Exercise: I need an exact copy of the lines from the one containing "天立 天津独流老醋 480 毫升" through the end of the records, without any pictures.

Data under study:
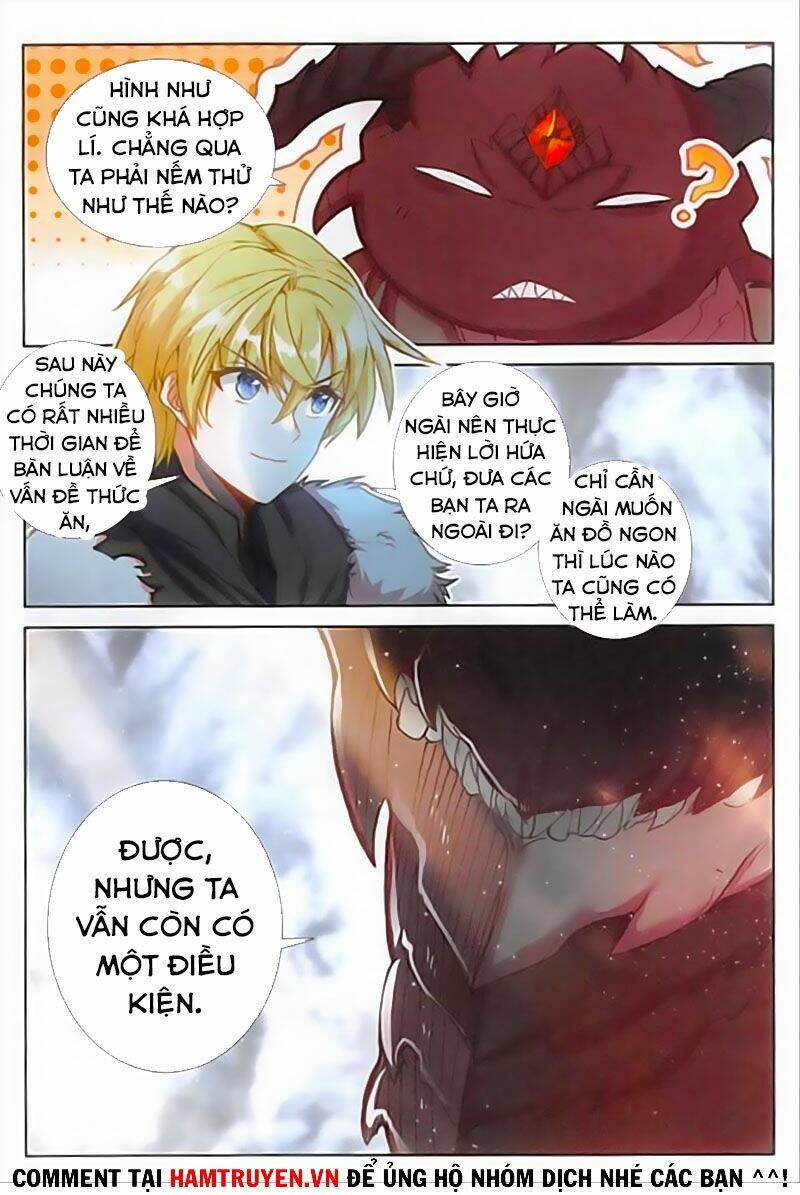 Băng Hỏa Ma Trù: Chapter 101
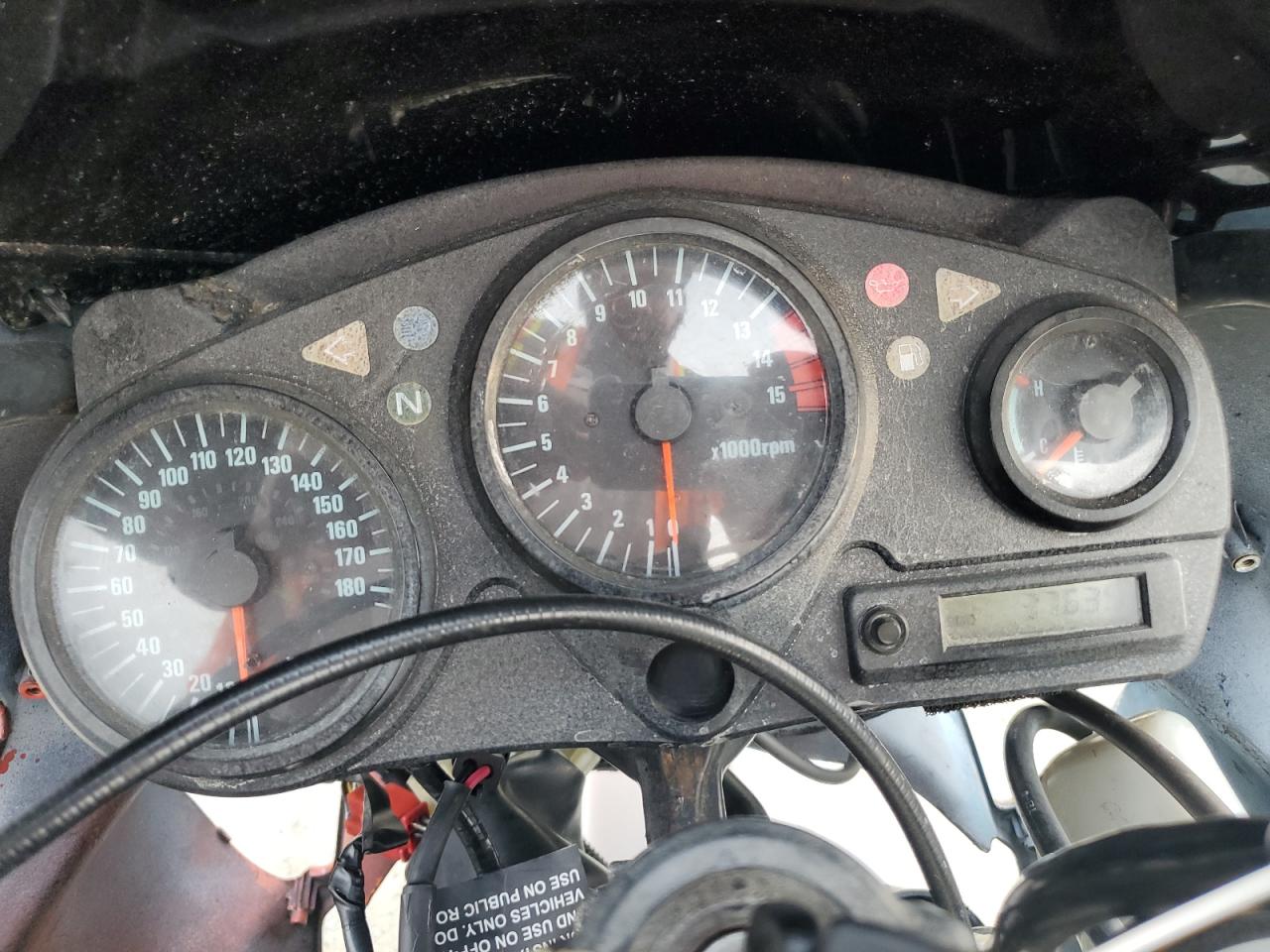 1999 Honda Cbr600 F4 VIN: JH2PC3504XM000867 Lot: 64544224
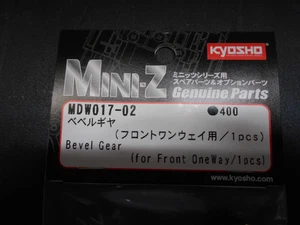 Kyosho Mini Z  MDW017-02 Beval gear for front one way  Mini Z  Atomic GL Racing - Picture 1 of 2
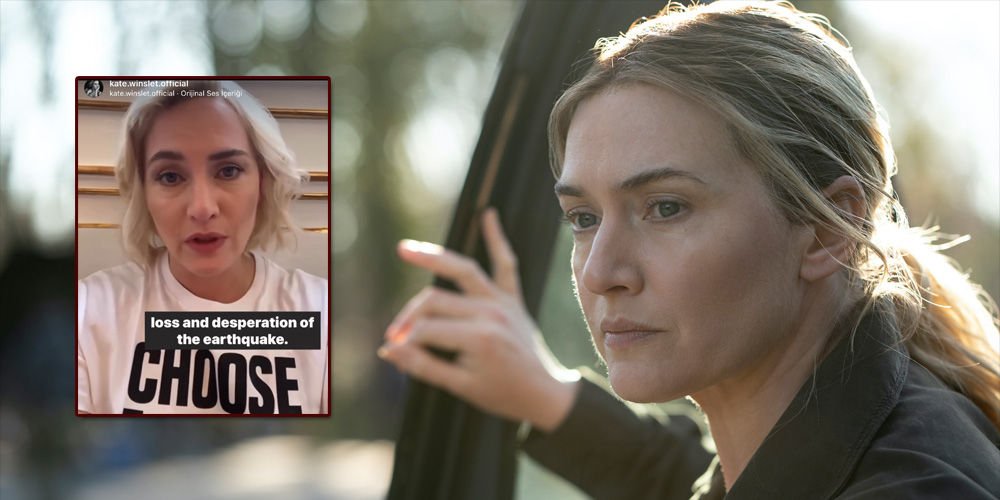 Kate Winslet'den yardım çağrısı!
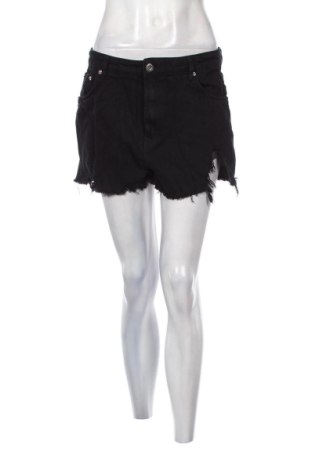 Pantaloni scurți de femei Bershka, Mărime M, Culoare Negru, Preț 38,99 Lei, #137035577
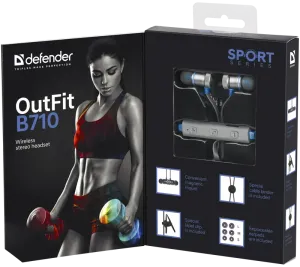 Defender - Vezeték nélküli sztereó headset OutFit B710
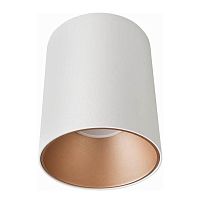 Светильник накладной Eye Tone 8926-NW Nowodvorski белый 1 лампа, основание белое в стиле минимализм круглый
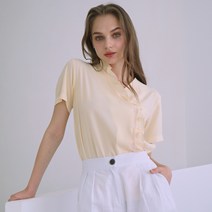 바이바이섭 T12 DIAGONAL FRILL BLOUSE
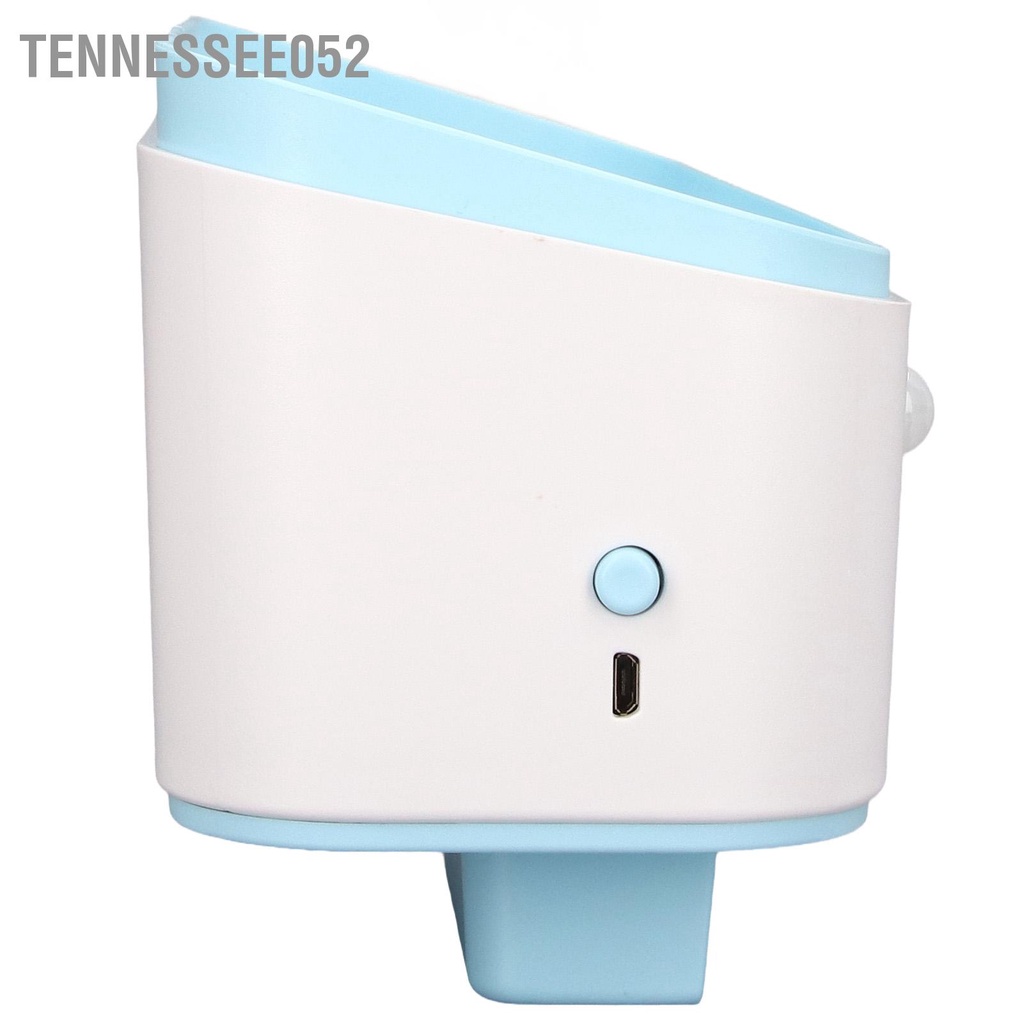Tennessee052 Giá đỡ bàn chải đánh răng Khử trùng thông minh Miễn phí Đấm tia cực tím bằng USB Sạc phòng tắm Phụ kiện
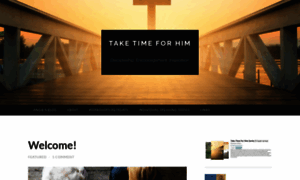 Taketimeforhim.com thumbnail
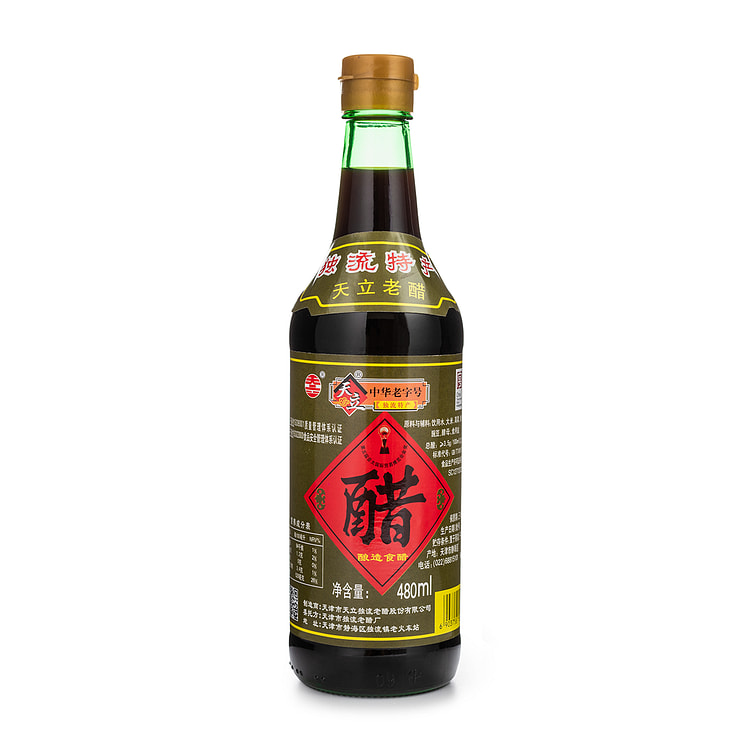 天立 天津独流老醋 480 毫升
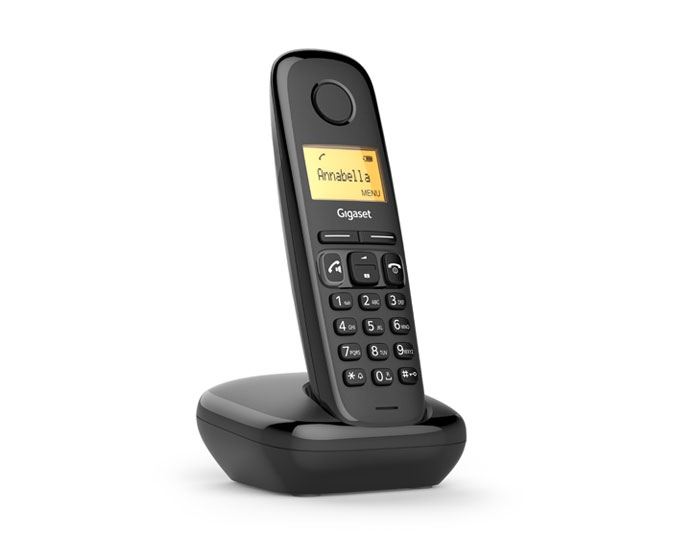 Telefoon GIGASET Dect A270 Mono Zwart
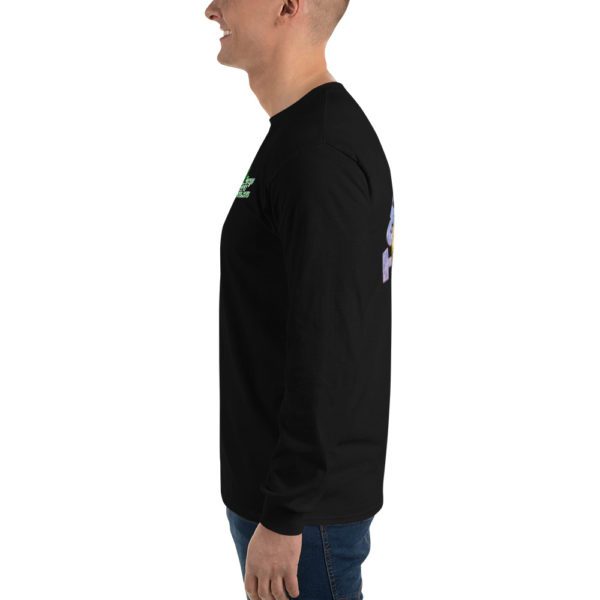 Terppopotamus Men’s Long Sleeve Shirt - Image 3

Solution for this problem:
 天立 天津独流老醋 480 毫升
 Telefoon GIGASET Dect A270 Mono Zwart
 Terppopotamus Men’s Long Sleeve Shirt - Image 3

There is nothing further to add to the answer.